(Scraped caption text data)
[Start of Attachment]
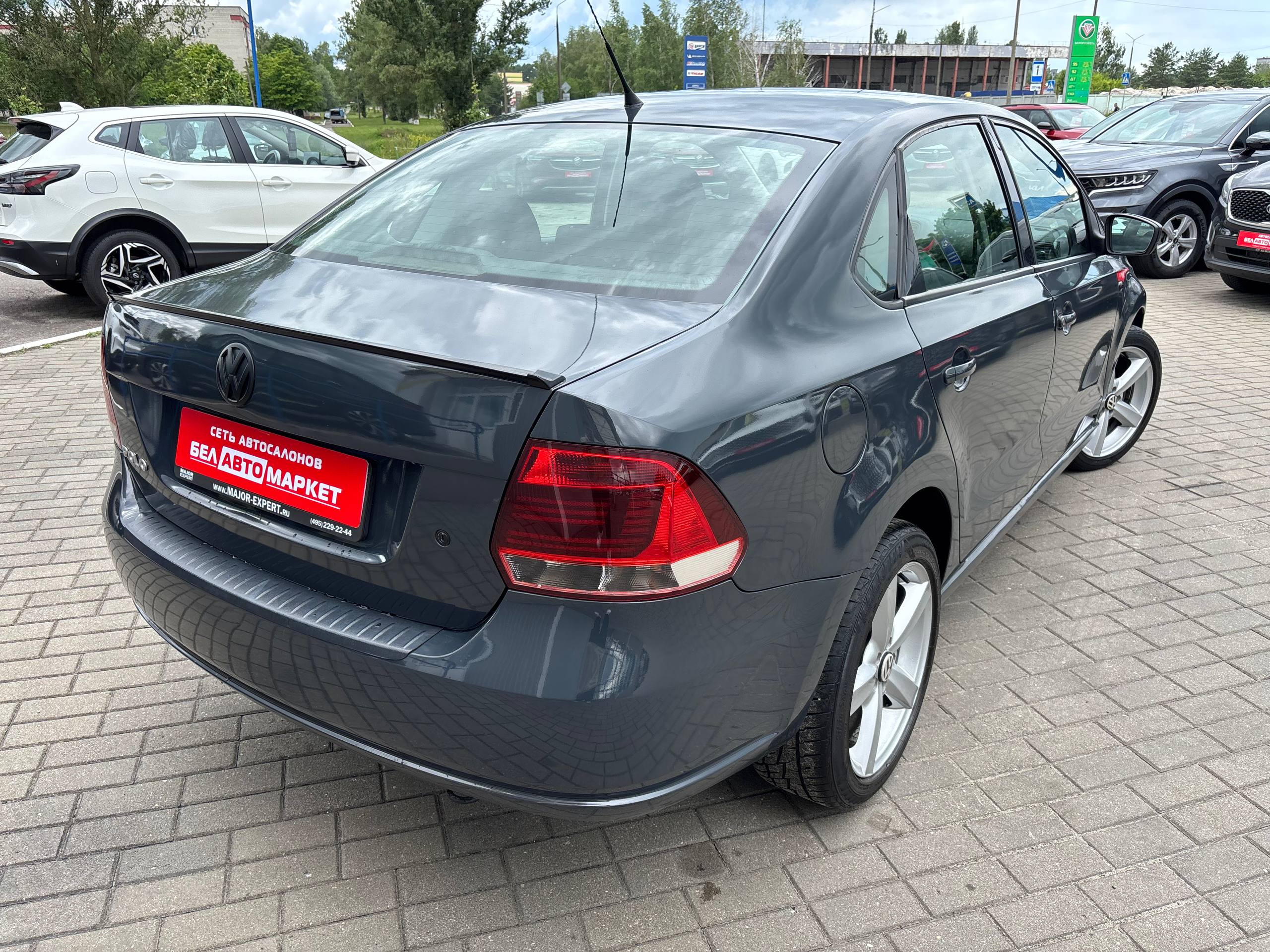 Фото автомобиля 5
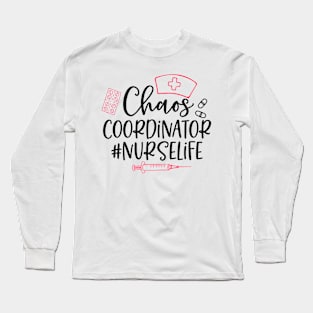 Nures best gift Long Sleeve T-Shirt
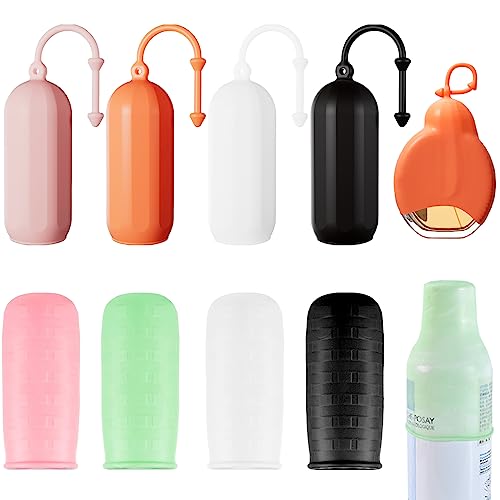 Zeuwets Coperture per Bottiglia da Viaggio in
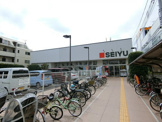 西友　高井戸東店
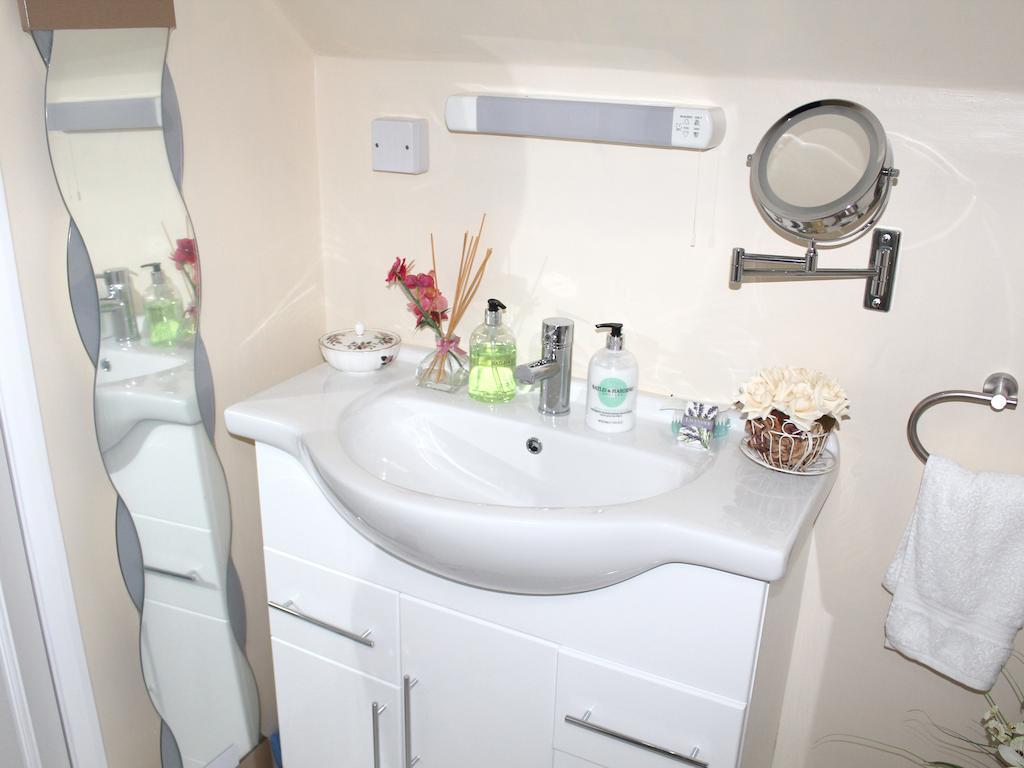 Troutbeck Cottage Carlisle (Cumbria) Quarto foto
[End of Attachment]
◆ **Task prompt**: Please return only the lines from the one holding "Nures best gift Long Sleeve T-Shirt" through the end of the data, both ends included; do not copy any pictures.

◆ **Exercise answer**:
 Nures best gift Long Sleeve T-Shirt
 Zeuwets Coperture per Bottiglia da Viaggio in
 西友　高井戸東店
 Troutbeck Cottage Carlisle (Cumbria) Quarto foto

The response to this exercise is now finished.